Barbican Theatre, London, 26-29 January 2011
4 stars
Du Goudron et des Plumes
Photo: Christophe Raynaud De Lage

original music by
Philippe Foch, Jérôme Fêvre

concieved and directed by
Mathurin Bolze
The London International Mime Festival is winding to a close, leaving us this sunday with an overt gesture and an invisible tear. And there has been little more overt than Du Goudron et des Plumes (Tar and Feathers), a big-ticket show of big-set pieces, defiantly crossing genre boundaries, merging narrative circus with mime, human puppetry and contemporary dance. Lyon based Companie MPTA and circus maestro Mathurin Bolze’s piece charges the space with inventiveness, and presents the question: what exactly is mime in the 21st century anyway?
A clutch of cloth-clad castaways are set adrift on a vast hanging platform, suspended above the stage, prismatic in space, time or water it is unclear. The production’s grounding in John Steinbeck’s Of Mice and Men is not particularly apparent, and what transpires is a little bit like Lord of the Flies crossed with the Canadian sci fi film Cube - an intermittently savage drama of survival set in dark space. Loose metaphors of small scale society frame a lot of leaping, swinging and expertly conceived monkey-business, choreographed gibbons, irrepressible homo ludens. A brown-skinned cast member is pummeled between two planks, abject and skillfully lifeless. A riot ensues, as a brown paper backdrop, priorly unfurled and used as a mesmeric surface for the projection of shadows, is slashed to pieces, and chunks of plaster are hurled like snowballs, powder tracers in the lights.

Perhaps in this post-essential world, mime can no longer be about the human condition. While energetic and beautifully constructed the violence appears from nowhere, and builds a haphazard picture of human interaction, shorn of recognisable paramaters, reduced to moments.
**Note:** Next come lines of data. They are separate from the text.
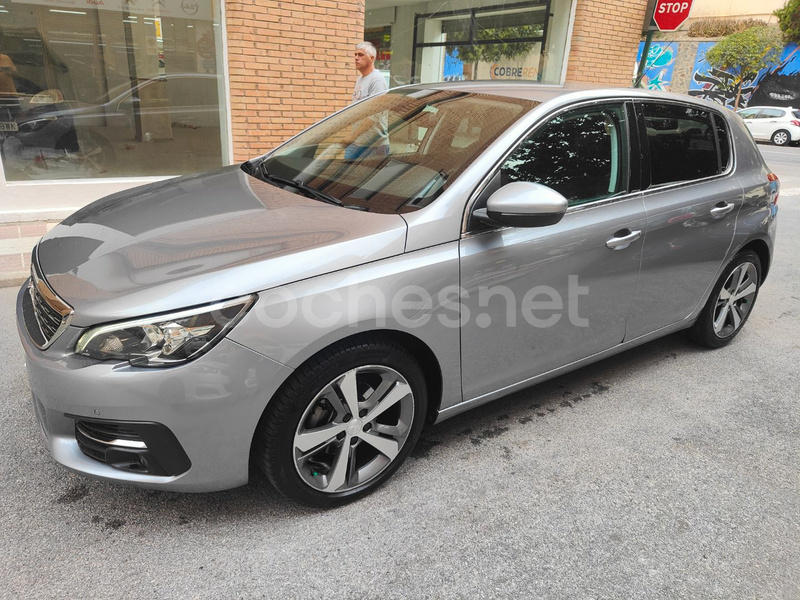 PEUGEOT 308 5p Allure BlueHDI 130 SS 6 Vel. MAN 5p.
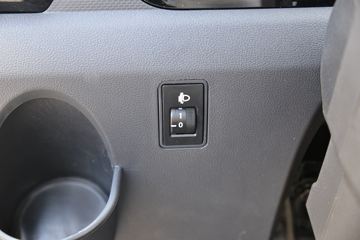 һ������ ��Ű���1ϵV6 102���� 3.32���Ű������Ῠ(��ɲ)(CA1040K3LE6)ͼƬ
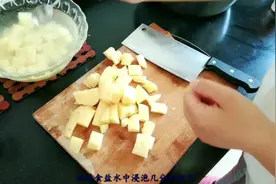 土豆切开不好保存，教你简单一招，放几天也不变黑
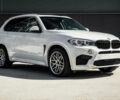 Белый БМВ Х5, объемом двигателя 3 л и пробегом 249 тыс. км за 26011 $, фото 1 на Automoto.ua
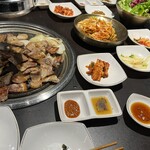 韓国料理 ハモニ食堂 - 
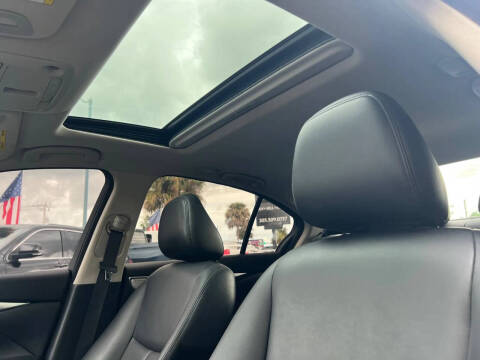 2022 Infiniti Q50 Luxe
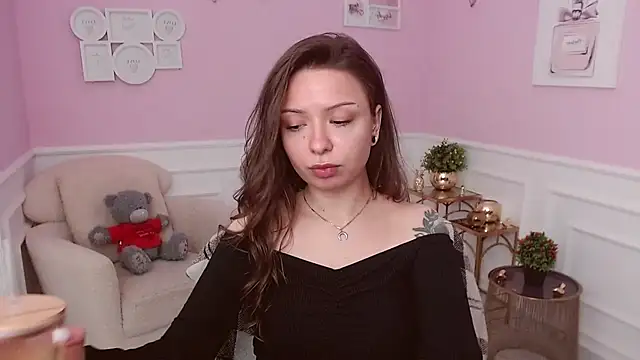 LucySkilar online show from 05-19-26, 04:08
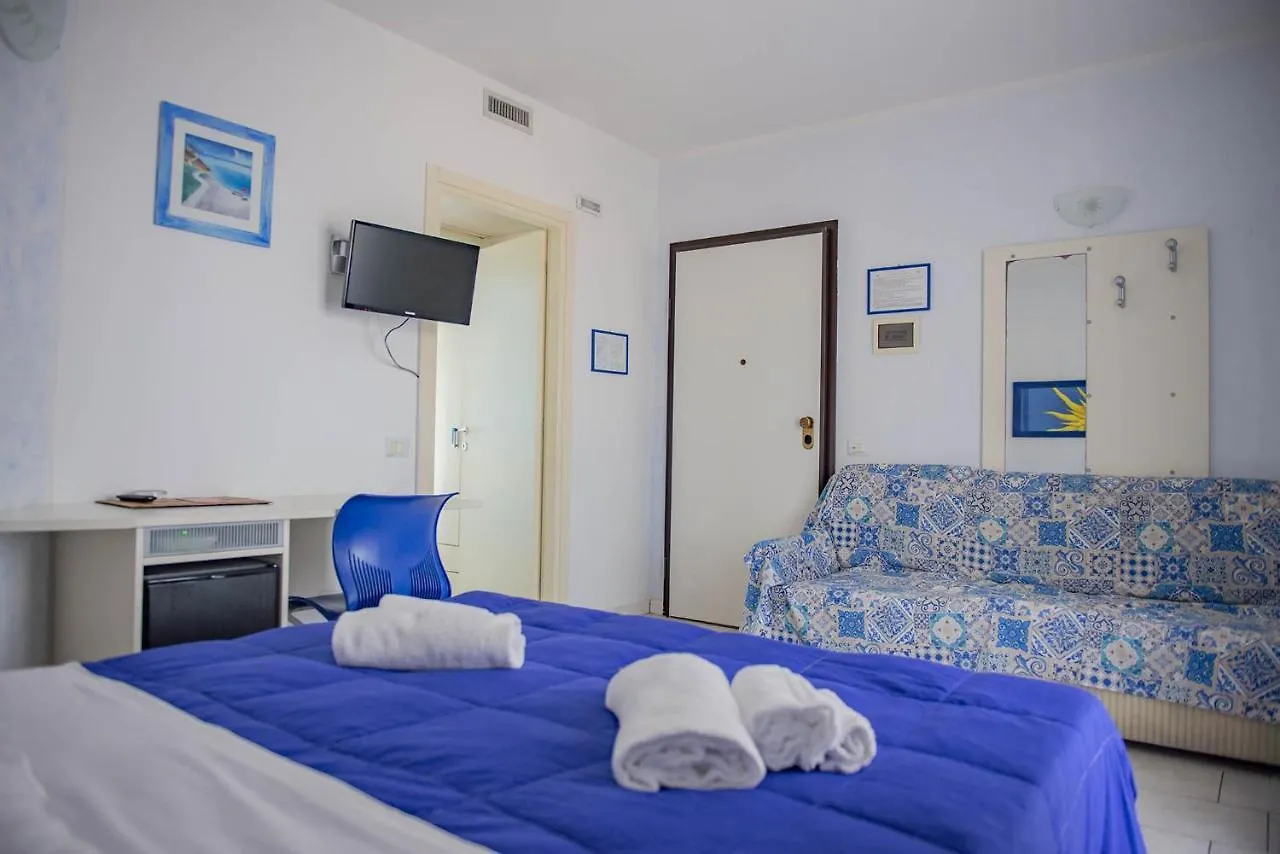 Hotel Del Sole San Vincenzo 3*,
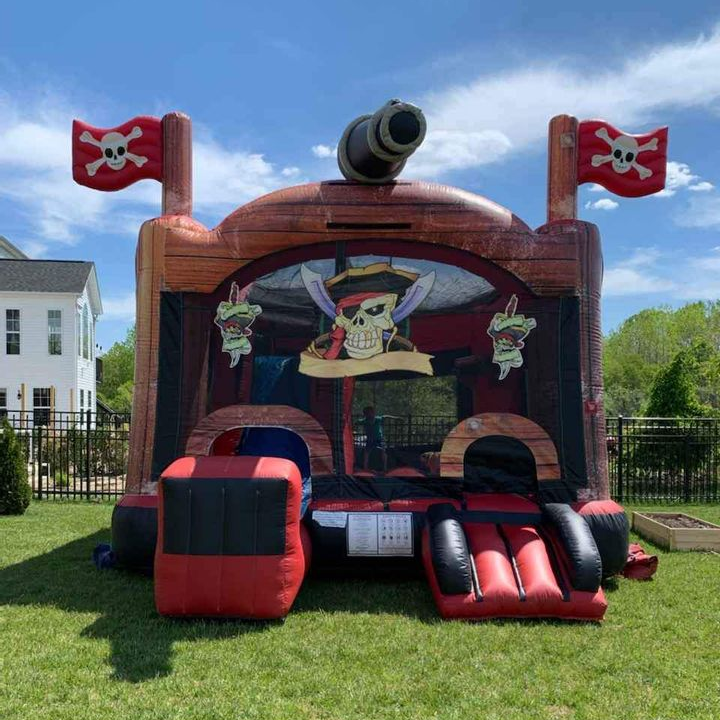 pirates_bounce_house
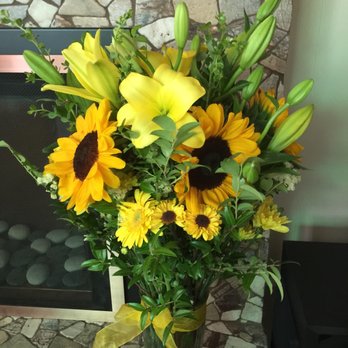 John's Flowers - Florists Near Me - Sacramento, California
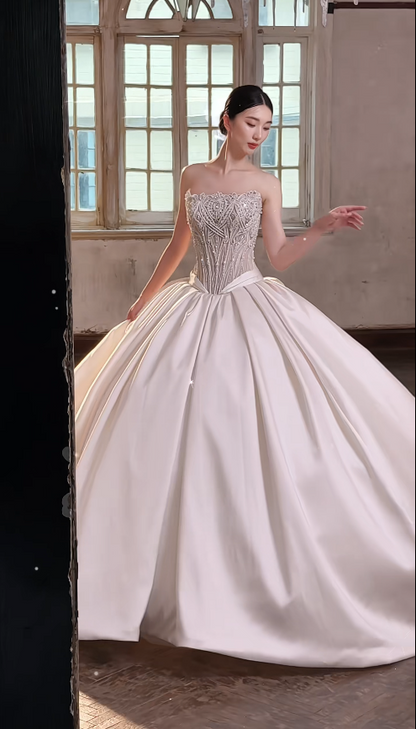 Robe de mariée simple sans bretelles en satin coupe trapèze, robe de mariée blanche DP08056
Moments of abandonment, of escape, of assistance are enacted with breathtaking compositional skill but remain imprecise in terms of what, why and who. Certainly some of those moments are beautiful, none more so than the dance achieved by the female cast member, lowered on a rope, combining the movements required to keep her balanced with port de bras and precarious gestural eloquence, a twitching micro-display of performance under duress.

Something that might belong to mime proper, is the achievement of natural human effects by non-natural means. So we get the “walking” of a cast member, upside down along the underside of the hanging stage, using a collective effort of arm muscle; being walked on the ends of planks in two-by-four human puppetry; a scene in which the actions of one performer are mirrored by the actions of another hanging upside down, including plant pots and water-bottle pratfalls.

Another mime tenet might be the redefining of bodily relations to the object world. The pendulous stage is mined for every conceivable combination of stasis and movement, raised and lowered in three tiers, tossing and rearranging its struggling yet skillful inhabitants, a great kinetic will. Goudron shares a philosophy with Sans Objet, another highlight of the festival, that a stage is something to be made as utile as possible, treated as another performer, manipulating and manipulated, stripped, redecked, related to every bodily angle. This big-budget parkour approach to staging is utterly breathtaking. The onstage action is ably assisted by Philippe Foch and Jérôme Fêvre’s score which transcends the circus template of faintly-globalised rackety trip-hop, to combine an artful pastoral electronica with keen noise-scaping, giving the platform stage a sonic presence, lending lashings of shaping texture.

Finally mime might be said to dramatise the distinction between space and non-space, safety and danger, where planks are walked, bodies are forever edging outward and retreating inward. At least tonight, the narrative possibilities of this feel slightly limited, and so, adrift from social meaning we are returned happily to the circus - to set-pieces, to gasps and wonder, sinuous and cute choreography, and winning trickery. Goudron might be bread and circuses, but it is also a cleverly persuasive feast.